▶ Exercise goal
Within the listing below, the lines to output run from the one containing "Photograph of Beulah" through the one containing "Godzilla: The Planet"; copy them exactly and nothing else.

▶ Data for the task
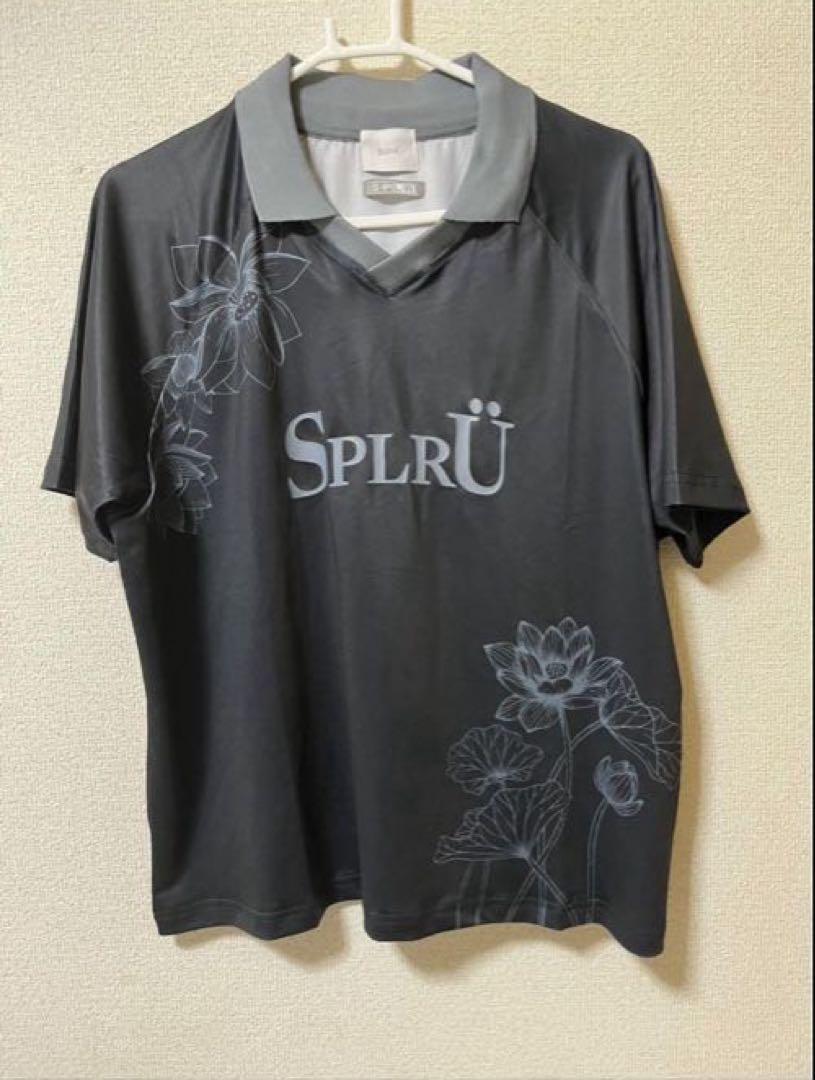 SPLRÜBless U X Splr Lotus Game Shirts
--
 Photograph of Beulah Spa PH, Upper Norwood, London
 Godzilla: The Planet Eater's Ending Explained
--
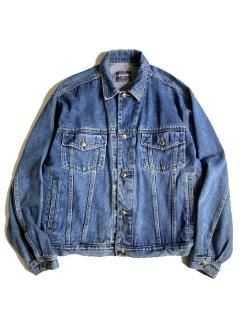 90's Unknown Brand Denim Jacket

▶ Solution for this exercise
 Photograph of Beulah Spa PH, Upper Norwood, London
 Godzilla: The Planet Eater's Ending Explained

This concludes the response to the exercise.